Thursday 10 October 2024

Cardiff Bay and the Cambrian Way

Saturday 13th July 2024

A couple of years ago I started to plan a long distance walk across Wales, but at the time I thought this was too ambitious for me to accomplish, so instead I did the Offa’s Dyke Path which takes a much easier route across Wales beside the border with England. Now, after doing the Southern Upland Way last year, I feel more confident in my ability to do a long, challenging trail and rather than coming up with my own route I decided to do a long distance trail that already exists across Wales called the Cambrian Way. This runs across the backbone of Wales over the highest mountains and is almost three hundred miles long taking three weeks. Undeterred, I booked three weeks off work and made preparations to begin, but then I had to take two days holiday away for other purposes, so to accomplish the Cambrian Way without those two days I split three days off from the rest of the trail. Therefore, in the middle of July, I set off for South Wales, but instead of starting in Cardiff, where the Cambrian Way begins, I caught another train to Penarth, on the coast. I wanted to take this opportunity to explore the area around Cardiff Bay before starting the Cambrian Way and since I had plenty of time I lingered in Penarth first, where the Penarth Summer Festival was coincidentally just beginning.

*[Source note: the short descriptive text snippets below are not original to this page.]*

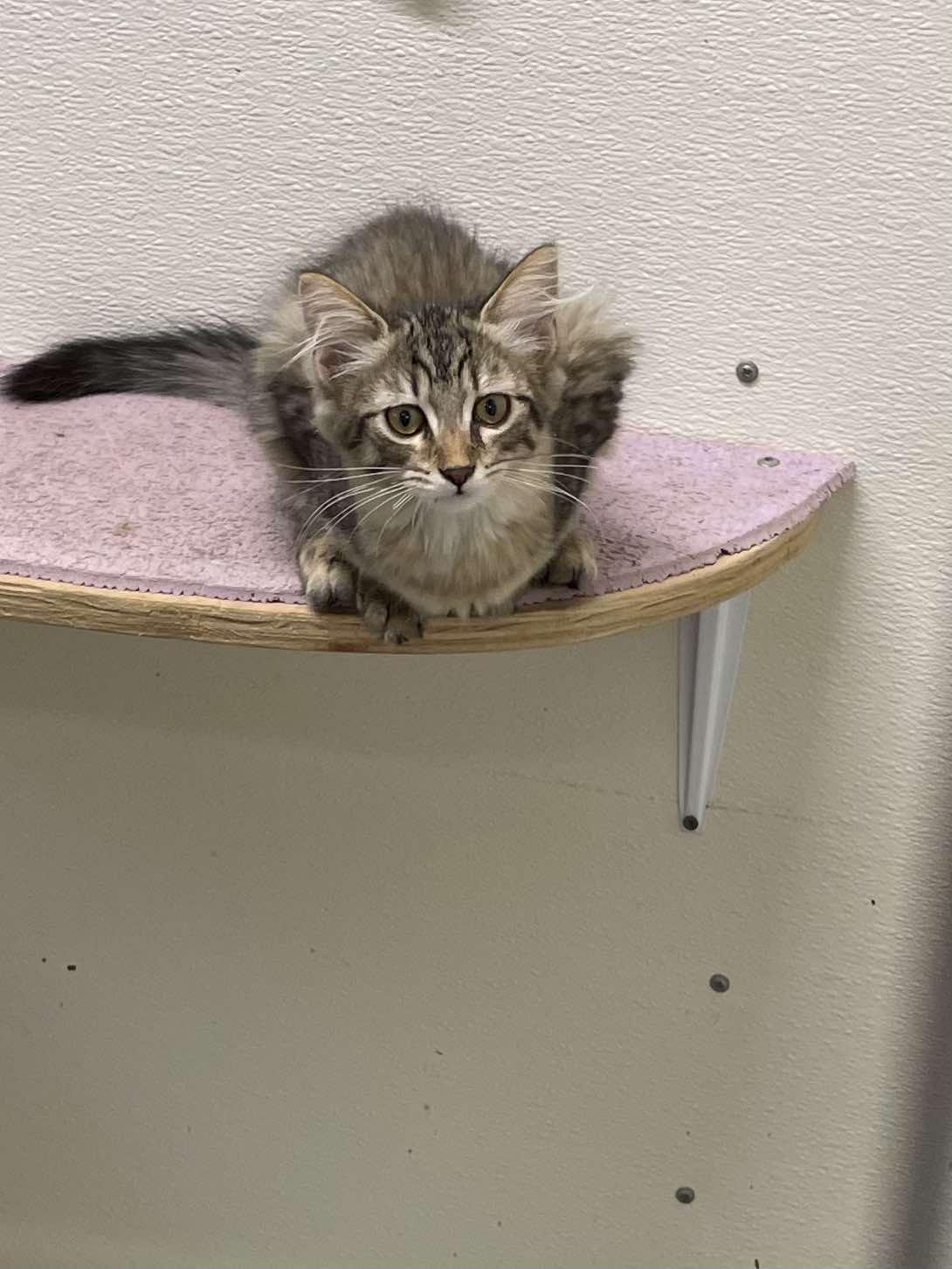 Enlarge Clemintine Paws Jones, a Adopted mixed breed in Indianapolis, IN image 6/6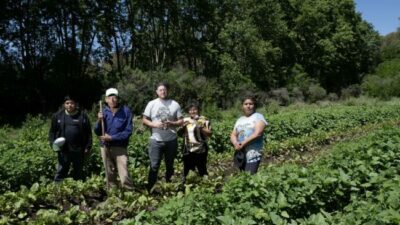 Urbanización y sector agroalimentario: ¿cómo asegurar buenos alimentos para hoy y para mañana?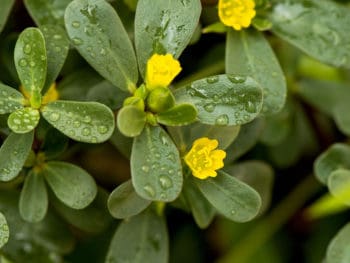 Purslane Portulaca Oleracea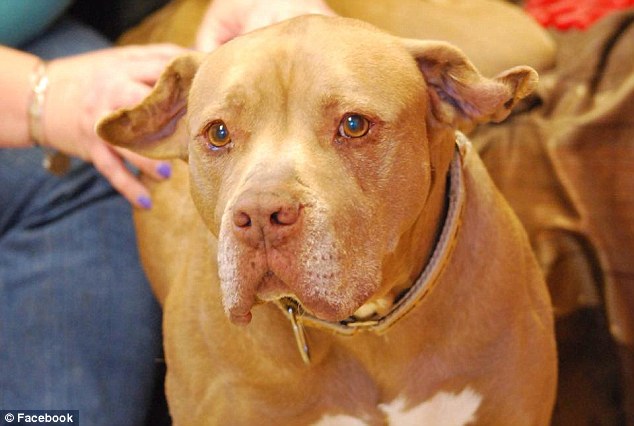 Long-time coming: Chester, a six-year-old pit bull, was found as a stray and had been living in shelters for the past five years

I took a stroll along the promenade past various gazebos before slowly returning to the pier while enjoying the sunshine, which was a welcome change this year. Eventually I left Penarth and joined the route of the Wales Coast Path which climbs the hill above Penarth Head before descending to the Barrage on the edge of Cardiff Bay where I turned inland to walk away from the sunshine I had been enjoyed at the coast and towards the dark clouds that hung over the city. The Wales Coast Path took me around Cardiff Bay, past an exhibition to Scott of the Antarctic and later brought me to a memorial at the spot where Scott’s expedition ship, the SS Terra Nova, sailed from Cardiff. Later I passed the Senedd, home to the Welsh Parliament, and the iconic Millennium Centre where I lingered by looping around Roald Dahl Plass before finally continuing inland into the centre of Cardiff, which I didn’t like as it was very crowded with tall, intimidating buildings. At Cardiff Castle a noisy demonstration was passing outside the walls so I didn’t linger and with no sign to mark this momentous location, or moment for me, I started the Cambrian Way. The noise and crowds continued after I entered Bute Park so I was relieved when I left the main path and finally I was able to get away from the crowds and noise while walking beside the River Taff.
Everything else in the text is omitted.